Chez les immigrantes, des facteurs d'ordre culturel, familial, économique, environnemental et institutionnel et des caractéristiques personnelles jouent un rôle majeur dans la prise de la décision. "Plusieurs minorités ethniques d'origine asiatique, par exemple, ont pour rite culturel de garder la nouvelle mère à la maison durant le mois suivant l'accouchement. Cette période de repos est accompagnée d'une diète rituelle qui, semble-t-il, contribue à la récupération de la mère et à une bonne production de lait, relate Mme Loiselle. Si la nouvelle mère ne peut respecter cette coutume, l'allaitement maternel risque d'être rejeté. Les intervenants ont intérêt à connaître les rites afin de ne pas transmettre une information qui entre en conflit avec les coutumes."
Pratiques douteuses
La langue parlée et écrite ainsi que le congé
précoce postnatal sans suivi systématique peuvent
aussi être des barrières dans le transfert des connaissances
et contribuer à la réduction du taux d'allaitement
chez les femmes immigrantes. "Contrairement à la croyance
populaire, soutient Mme Loiselle, les connaissances liées
à la pratique de l'allaitement ne sont pas innées.

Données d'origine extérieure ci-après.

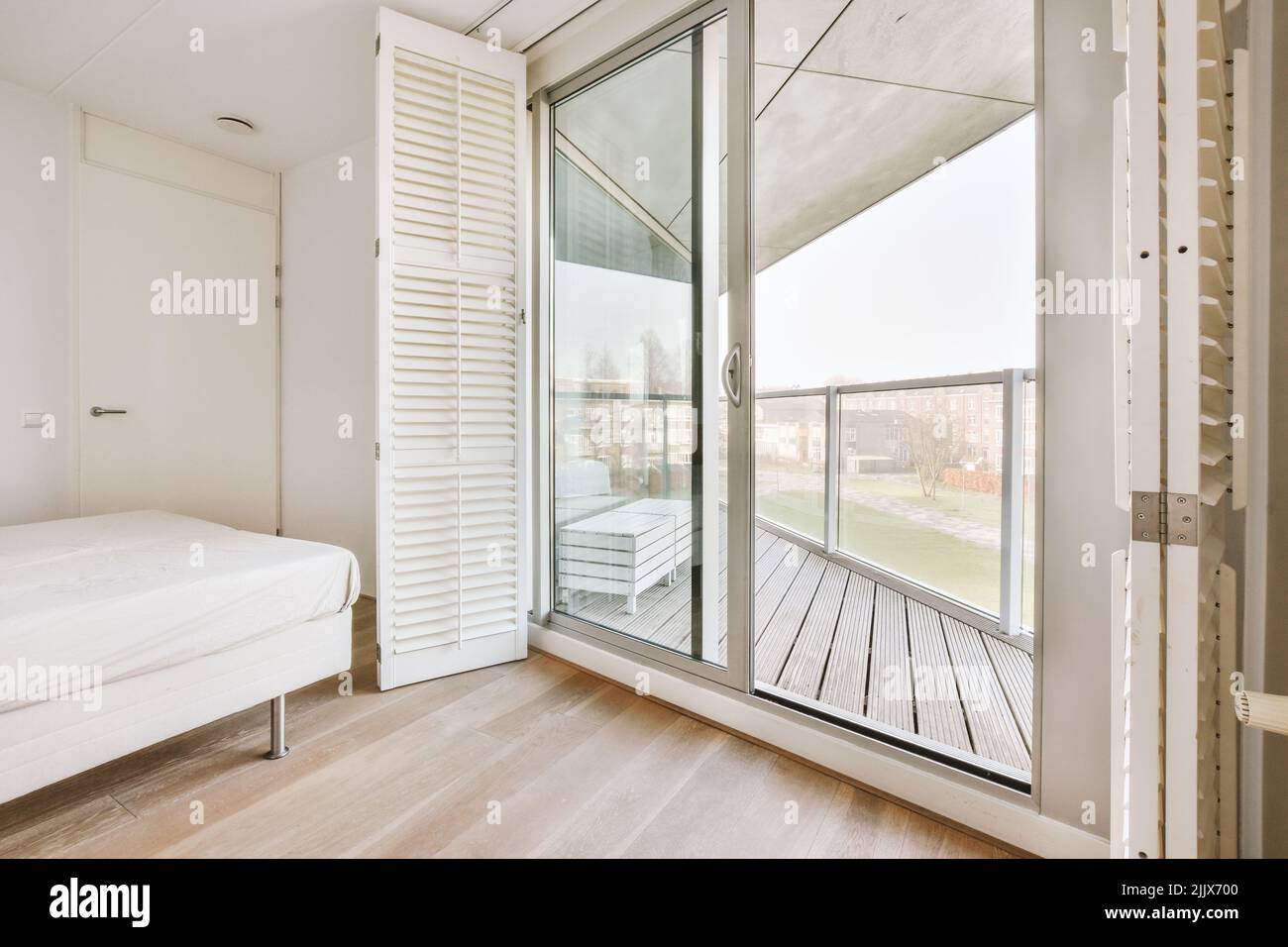 Visual Reference: Comfortable Bed In Empty Refurbished Light Bedroom With Glass Doors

Une foule de renseignements doivent être transmis à
la mère par les intervenants."
Mais plusieurs futures mères nées ailleurs qu'en Amérique du Nord parlent très peu le français et l'anglais; elles ne participent donc pas aux séances prénatales. De plus, il est difficile pour les intervenants de s'assurer que toute l'information relative à la pratique de l'allaitement (position du bébé, fréquence de l'allaitement, engorgement, stimulation des seins, etc.) est bien assimilée quand le séjour à l'hôpital dure moins de 48 heures.
Cette rupture dans la communication et le manque de connaissances relatives à l'alimentation du nouveau-né peuvent entraîner un grave problème. "Malgré les avantages économiques de l'allaitement maternel, l'allaitement mixte dès le deuxième mois, voire l'utilisation de la formule lactée dès la naissance sont des pratiques courantes pour plusieurs communautés culturelles", dit Mme Loiselle. Le hic? Pour réduire les coûts, certaines mères diluent la formule lactée dans du lait de vache ou de l'eau de riz sans savoir que sa qualité nutritive est alors réduite. "Sans un suivi postnatal, ces pratiques ne peuvent être repérées", déclare la chercheuse.
En plus de tracer un portrait des comportements d'allaitement parmi les communautés ethniques habitant le quartier Côte-des-Neiges et de décrire les pratiques hospitalières en matière de soutien, l'équipe de recherche a élaboré, en partenariat avec l'organisme communautaire Nourri Source, un volet de marrainage. "Ce volet interventionniste est important dans la mesure où la clientèle pluriethnique manque de soutien et d'information au sujet des méthodes d'alimentation du nourrisson, fait valoir Mme Loiselle. Des marraines provenant de divers groupes culturels seront bientôt formées afin de répondre à ces besoins."
Pour réaliser l'ensemble de ce projet, le groupe de recherche a reçu dernièrement un appui financier de 70 000$ de Santé Canada.